清武弘嗣や乾貴士のように、力量は香川よりは若干落ちたとしても、タイプ的にその代わりができる選手は何人かは存在するだろう。

しかし本田に関しては、本当に「代役の居ない」存在なのである。

本田が負傷で代表から離脱して以降、ザック・ジャパンがみるみる不調に陥ってしまったのは周知の通りだ。
その間、何人もの代役候補を試しながら、テストに合格したのは中村憲剛くらいなもので、本田不在時に代表の戦闘力がガクンと下がってしまうのは明白だった。

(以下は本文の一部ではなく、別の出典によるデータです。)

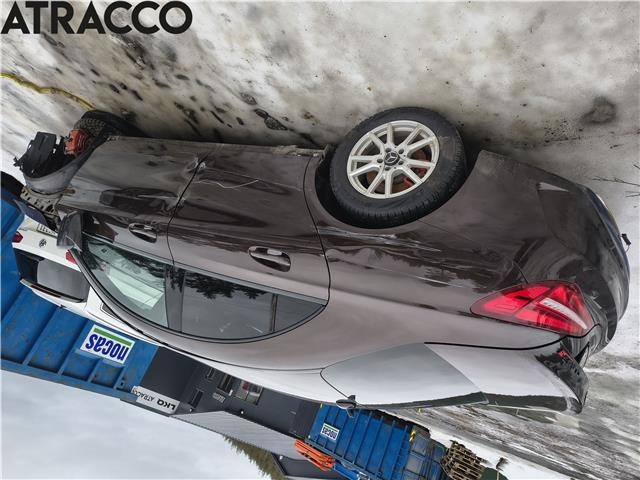 Mercedes CLA 2013-2019 (C117) (C117), Motorkode: M270.910, Girkassekode: Automat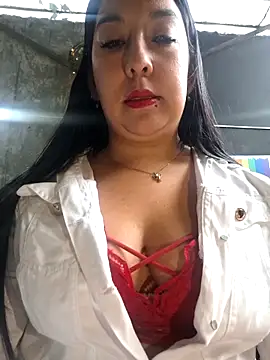 Snapshot of Bella_keny chatting on 12, 11, 2025 Bella keny online show from 12, 11, 2025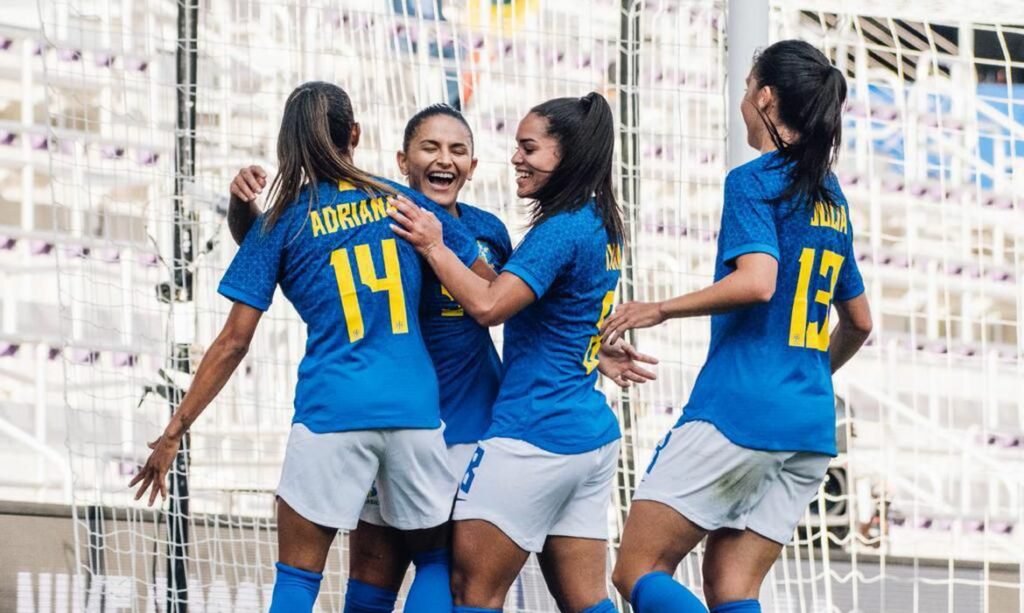 Selecao feminina de futebol sobe para setimo no ranking da Fifa e passa Australia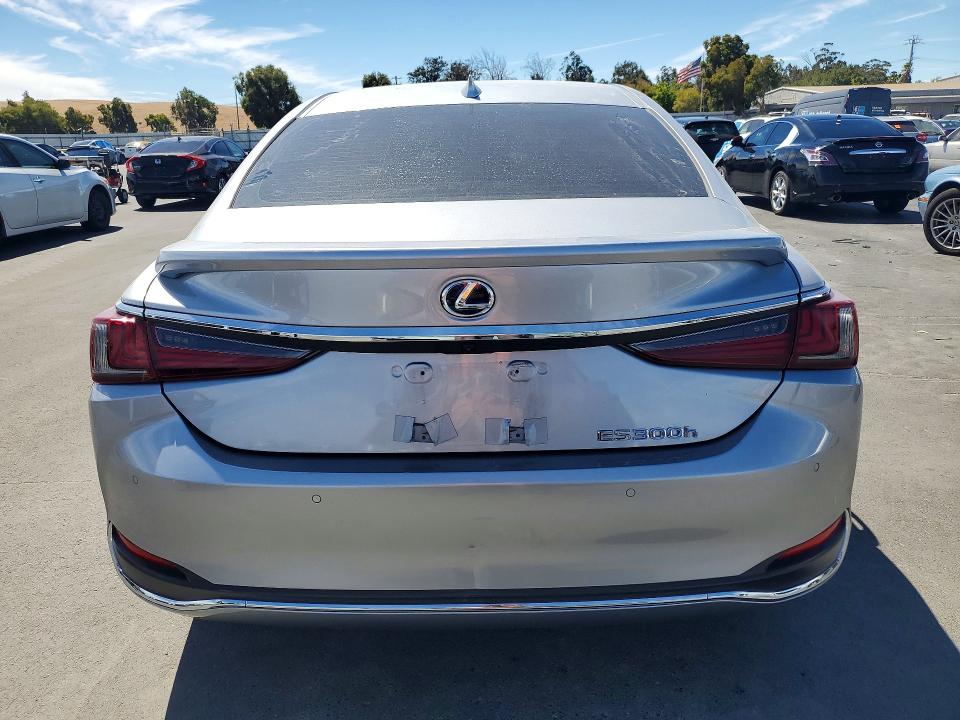 Zdjęcie 6 z aukcji – 2022 LEXUS ES 300H z VIN 58ADA1C13NU017890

日本代表にそれだけの影響力を持った選手は、ここ数年は存在していなかったと言ってもいい。
大げさかもしれないけれど、かつてのフランス代表におけるジネディーヌ・ジダンと同じくらい重要な存在に、ザック・ジャパンでの本田圭佑はなろうとしているのではないだろうか。

「2人のエース」のライバル心

もちろん、本田圭佑がこのあと「真のキング」となるためには、まだ数々のハードルを乗り越えなくてはいけないはずだ。

そして、その最大のライバルである香川真司も、やすやすとその座を譲りはしないだろう。

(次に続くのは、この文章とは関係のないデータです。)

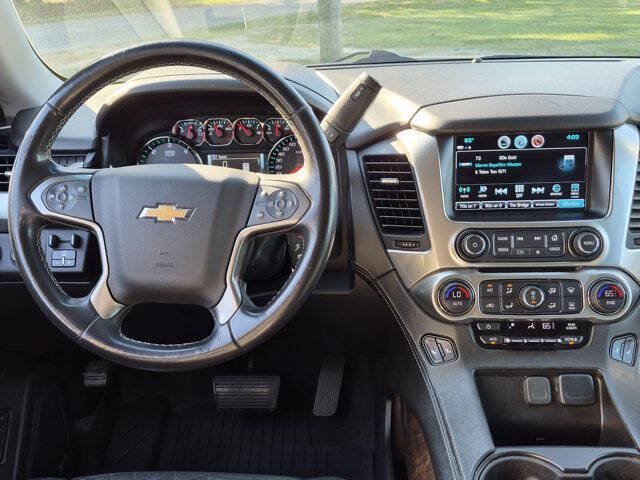 Used 2020 Chevrolet Tahoe LT w/ RST Edition AWD/4WD image 28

香川がマンチェスター・ユナイテッドへ移籍するという報道への感想を聞かれた際、本田圭佑は「(香川)真司は世界のトップクラブでプレーするのにふさわしい。」と前置きした上で、「しかし、僕もビッグクラブでプレーするのにふさわしい選手だと自覚している。」と語り、そのライバル心を隠さなかった。

これだけの力量を持った選手が2人も代表に居ることは、僕たちファンからしてみれば頼もしいことこの上ない。
そして本人たちにとっても、お互いが切磋琢磨できる環境は、ある意味で非常に恵まれた環境だと感じているのではないだろうか。

幸いにも2人とも、互いの脚を引っ張り合うようなネガティブな思考を持ち合わせた選手ではない。
ポジション争いもプラスに昇華していける、一流のメンタルの持ち主たちだ。

本田圭佑と香川真司。

2人のエースによる、「キング」の座をかけた戦い。

そのハイレベルな争いが日本代表を、さらに高い次元へと牽引してくれることを、僕は期待しているのである。